[SOURCE DATA]:
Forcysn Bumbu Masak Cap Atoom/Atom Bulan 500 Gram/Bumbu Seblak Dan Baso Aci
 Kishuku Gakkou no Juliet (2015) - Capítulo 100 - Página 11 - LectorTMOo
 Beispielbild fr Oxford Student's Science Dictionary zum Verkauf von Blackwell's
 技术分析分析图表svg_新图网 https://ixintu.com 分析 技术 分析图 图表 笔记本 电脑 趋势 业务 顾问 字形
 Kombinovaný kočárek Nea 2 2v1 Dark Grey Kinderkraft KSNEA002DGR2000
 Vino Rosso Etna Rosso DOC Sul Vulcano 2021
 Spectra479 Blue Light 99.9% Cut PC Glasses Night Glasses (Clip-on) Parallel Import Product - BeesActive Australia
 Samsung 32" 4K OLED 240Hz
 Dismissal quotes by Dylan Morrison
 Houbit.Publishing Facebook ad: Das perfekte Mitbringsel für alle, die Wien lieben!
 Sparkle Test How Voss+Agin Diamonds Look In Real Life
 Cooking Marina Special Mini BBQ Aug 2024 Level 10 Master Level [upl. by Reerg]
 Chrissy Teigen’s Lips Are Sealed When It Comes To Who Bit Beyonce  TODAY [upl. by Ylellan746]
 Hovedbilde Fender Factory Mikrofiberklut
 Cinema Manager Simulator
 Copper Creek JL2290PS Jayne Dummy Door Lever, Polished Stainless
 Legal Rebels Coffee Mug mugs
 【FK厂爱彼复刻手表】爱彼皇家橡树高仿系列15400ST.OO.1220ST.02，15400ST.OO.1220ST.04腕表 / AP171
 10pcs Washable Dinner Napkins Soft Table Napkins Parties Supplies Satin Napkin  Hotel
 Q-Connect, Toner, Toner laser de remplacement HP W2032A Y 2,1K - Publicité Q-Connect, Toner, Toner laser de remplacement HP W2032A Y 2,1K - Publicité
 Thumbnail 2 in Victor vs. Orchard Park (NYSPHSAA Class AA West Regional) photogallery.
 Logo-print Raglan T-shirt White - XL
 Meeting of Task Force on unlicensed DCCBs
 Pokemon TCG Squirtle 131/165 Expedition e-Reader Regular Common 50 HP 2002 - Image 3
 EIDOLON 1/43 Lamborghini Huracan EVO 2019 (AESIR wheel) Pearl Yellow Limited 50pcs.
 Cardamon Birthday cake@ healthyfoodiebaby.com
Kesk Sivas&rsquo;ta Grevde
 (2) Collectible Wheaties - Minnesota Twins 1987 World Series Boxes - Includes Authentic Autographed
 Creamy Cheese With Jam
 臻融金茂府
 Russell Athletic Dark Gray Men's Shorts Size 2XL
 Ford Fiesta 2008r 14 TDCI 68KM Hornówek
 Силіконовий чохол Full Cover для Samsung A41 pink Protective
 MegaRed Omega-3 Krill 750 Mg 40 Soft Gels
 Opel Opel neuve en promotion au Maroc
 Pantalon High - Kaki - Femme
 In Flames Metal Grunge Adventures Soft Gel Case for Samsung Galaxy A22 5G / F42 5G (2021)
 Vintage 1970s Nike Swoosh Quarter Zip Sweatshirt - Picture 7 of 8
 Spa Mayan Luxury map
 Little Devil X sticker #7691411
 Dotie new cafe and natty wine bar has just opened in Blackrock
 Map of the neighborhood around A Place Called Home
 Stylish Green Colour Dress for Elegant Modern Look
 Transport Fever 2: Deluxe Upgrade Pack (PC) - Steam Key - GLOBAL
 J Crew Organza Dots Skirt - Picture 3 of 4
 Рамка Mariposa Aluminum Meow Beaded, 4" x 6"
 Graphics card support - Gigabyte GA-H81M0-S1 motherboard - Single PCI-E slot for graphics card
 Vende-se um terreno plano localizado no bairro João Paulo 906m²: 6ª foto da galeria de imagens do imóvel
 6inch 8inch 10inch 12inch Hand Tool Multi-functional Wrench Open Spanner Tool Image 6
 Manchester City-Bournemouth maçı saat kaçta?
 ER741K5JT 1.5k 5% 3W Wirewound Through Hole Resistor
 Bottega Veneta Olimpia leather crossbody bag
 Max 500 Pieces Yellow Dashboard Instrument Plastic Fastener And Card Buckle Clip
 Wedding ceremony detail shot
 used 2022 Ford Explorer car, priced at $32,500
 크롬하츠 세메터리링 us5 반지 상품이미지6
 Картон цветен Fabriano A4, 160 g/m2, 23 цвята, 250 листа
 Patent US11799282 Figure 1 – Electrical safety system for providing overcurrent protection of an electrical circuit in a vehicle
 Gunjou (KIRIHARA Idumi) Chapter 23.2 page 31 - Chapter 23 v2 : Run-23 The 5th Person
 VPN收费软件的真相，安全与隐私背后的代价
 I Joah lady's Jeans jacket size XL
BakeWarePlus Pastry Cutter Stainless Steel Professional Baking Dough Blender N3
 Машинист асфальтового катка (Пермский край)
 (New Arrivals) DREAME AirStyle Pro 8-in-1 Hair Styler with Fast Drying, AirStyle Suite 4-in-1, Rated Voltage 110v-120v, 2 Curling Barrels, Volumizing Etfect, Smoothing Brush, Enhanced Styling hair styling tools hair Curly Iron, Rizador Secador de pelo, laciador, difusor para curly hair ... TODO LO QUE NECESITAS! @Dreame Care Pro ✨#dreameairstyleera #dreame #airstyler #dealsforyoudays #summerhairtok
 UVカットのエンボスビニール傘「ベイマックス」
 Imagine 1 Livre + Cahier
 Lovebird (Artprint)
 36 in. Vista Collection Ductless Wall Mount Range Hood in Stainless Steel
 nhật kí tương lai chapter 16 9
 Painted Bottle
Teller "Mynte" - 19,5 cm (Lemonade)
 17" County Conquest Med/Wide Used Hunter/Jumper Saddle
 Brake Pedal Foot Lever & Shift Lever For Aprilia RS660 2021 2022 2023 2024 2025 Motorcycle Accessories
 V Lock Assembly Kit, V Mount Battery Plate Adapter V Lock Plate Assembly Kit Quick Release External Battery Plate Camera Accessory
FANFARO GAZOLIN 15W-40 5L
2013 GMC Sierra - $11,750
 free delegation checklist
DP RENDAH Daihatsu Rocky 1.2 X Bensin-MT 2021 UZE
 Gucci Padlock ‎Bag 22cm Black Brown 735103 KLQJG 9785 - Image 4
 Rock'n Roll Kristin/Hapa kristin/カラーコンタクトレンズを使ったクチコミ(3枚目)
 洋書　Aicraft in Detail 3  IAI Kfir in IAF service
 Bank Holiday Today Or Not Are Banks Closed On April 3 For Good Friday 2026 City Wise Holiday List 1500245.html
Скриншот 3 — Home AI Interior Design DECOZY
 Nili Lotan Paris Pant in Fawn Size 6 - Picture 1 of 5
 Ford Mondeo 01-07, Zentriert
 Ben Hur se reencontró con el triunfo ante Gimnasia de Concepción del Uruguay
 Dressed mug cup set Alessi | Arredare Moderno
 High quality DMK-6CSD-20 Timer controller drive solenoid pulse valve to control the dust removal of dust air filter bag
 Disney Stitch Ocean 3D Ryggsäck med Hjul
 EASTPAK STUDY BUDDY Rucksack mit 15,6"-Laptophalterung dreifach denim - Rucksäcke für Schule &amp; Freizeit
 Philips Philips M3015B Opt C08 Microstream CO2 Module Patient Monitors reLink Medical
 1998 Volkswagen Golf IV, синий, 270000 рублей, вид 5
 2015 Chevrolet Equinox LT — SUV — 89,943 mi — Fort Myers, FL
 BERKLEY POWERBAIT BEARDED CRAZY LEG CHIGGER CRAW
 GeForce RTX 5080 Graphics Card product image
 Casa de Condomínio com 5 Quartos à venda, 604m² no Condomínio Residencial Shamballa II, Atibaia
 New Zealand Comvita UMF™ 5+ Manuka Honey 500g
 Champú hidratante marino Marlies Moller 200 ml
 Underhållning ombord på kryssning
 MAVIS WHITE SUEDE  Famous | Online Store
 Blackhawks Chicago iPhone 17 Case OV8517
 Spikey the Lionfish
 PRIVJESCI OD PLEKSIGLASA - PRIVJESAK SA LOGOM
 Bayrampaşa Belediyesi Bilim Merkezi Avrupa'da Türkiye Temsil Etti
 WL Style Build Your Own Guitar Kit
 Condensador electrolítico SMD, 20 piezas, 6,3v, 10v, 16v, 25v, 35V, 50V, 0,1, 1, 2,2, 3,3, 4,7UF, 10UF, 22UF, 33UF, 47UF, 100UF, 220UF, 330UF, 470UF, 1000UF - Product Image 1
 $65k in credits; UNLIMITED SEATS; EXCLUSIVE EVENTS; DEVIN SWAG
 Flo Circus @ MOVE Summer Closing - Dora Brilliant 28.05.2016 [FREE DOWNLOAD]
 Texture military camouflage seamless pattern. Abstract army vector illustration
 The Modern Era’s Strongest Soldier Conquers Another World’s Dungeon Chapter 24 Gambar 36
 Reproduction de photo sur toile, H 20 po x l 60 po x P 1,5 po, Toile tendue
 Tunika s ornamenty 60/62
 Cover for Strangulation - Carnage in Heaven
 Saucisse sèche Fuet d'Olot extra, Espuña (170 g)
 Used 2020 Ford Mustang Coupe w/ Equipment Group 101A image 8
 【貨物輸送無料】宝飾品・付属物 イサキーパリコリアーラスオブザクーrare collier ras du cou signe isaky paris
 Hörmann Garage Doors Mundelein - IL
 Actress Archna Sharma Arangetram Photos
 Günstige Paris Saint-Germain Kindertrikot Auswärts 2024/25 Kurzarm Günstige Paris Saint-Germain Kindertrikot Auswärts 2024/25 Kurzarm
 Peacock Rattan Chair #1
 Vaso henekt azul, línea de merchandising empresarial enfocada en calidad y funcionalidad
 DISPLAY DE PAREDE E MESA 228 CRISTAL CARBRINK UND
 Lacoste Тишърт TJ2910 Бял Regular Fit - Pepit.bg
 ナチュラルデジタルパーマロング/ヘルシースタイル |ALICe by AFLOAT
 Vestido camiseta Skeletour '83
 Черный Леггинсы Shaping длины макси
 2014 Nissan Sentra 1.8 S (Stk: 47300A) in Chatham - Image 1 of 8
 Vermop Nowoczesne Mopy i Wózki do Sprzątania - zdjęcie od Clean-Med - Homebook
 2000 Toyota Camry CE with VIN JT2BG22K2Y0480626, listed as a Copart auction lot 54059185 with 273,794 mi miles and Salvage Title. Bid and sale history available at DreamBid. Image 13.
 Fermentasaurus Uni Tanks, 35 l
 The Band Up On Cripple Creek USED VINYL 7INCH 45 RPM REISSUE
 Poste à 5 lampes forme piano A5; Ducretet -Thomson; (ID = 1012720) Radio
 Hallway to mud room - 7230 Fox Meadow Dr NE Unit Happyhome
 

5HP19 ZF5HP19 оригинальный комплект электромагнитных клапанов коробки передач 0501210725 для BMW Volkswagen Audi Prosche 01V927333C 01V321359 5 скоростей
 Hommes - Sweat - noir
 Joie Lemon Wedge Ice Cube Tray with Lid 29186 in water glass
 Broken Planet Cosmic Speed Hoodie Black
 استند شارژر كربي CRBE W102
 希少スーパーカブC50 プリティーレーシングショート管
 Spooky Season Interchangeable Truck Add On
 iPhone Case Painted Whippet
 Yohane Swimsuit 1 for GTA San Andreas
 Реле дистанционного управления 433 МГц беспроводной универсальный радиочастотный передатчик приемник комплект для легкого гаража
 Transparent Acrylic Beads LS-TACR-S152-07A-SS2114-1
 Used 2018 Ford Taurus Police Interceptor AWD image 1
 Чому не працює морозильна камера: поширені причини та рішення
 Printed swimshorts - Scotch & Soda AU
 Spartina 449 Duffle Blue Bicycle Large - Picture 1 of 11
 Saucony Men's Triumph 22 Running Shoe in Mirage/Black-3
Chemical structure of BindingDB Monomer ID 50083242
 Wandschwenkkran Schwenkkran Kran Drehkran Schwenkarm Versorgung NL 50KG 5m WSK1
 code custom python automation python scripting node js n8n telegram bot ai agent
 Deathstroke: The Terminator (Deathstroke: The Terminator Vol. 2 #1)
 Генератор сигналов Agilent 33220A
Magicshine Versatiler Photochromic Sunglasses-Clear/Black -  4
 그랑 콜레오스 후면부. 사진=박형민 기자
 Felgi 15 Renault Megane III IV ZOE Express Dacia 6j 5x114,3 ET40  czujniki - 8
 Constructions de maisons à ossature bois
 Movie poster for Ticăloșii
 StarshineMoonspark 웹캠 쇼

[TASK BRIEF]:
The line above containing "Little Devil X sticker #7691411", the line containing "Картон цветен Fabriano", and every line between them are to be transcribed exactly; no other line is wanted.

[RESULT OF THE EXERCISE]:
 Little Devil X sticker #7691411
 Dotie new cafe and natty wine bar has just opened in Blackrock
 Map of the neighborhood around A Place Called Home
 Stylish Green Colour Dress for Elegant Modern Look
 Transport Fever 2: Deluxe Upgrade Pack (PC) - Steam Key - GLOBAL
 J Crew Organza Dots Skirt - Picture 3 of 4
 Рамка Mariposa Aluminum Meow Beaded, 4" x 6"
 Graphics card support - Gigabyte GA-H81M0-S1 motherboard - Single PCI-E slot for graphics card
 Vende-se um terreno plano localizado no bairro João Paulo 906m²: 6ª foto da galeria de imagens do imóvel
 6inch 8inch 10inch 12inch Hand Tool Multi-functional Wrench Open Spanner Tool Image 6
 Manchester City-Bournemouth maçı saat kaçta?
 ER741K5JT 1.5k 5% 3W Wirewound Through Hole Resistor
 Bottega Veneta Olimpia leather crossbody bag
 Max 500 Pieces Yellow Dashboard Instrument Plastic Fastener And Card Buckle Clip
 Wedding ceremony detail shot
 used 2022 Ford Explorer car, priced at $32,500
 크롬하츠 세메터리링 us5 반지 상품이미지6
 Картон цветен Fabriano A4, 160 g/m2, 23 цвята, 250 листа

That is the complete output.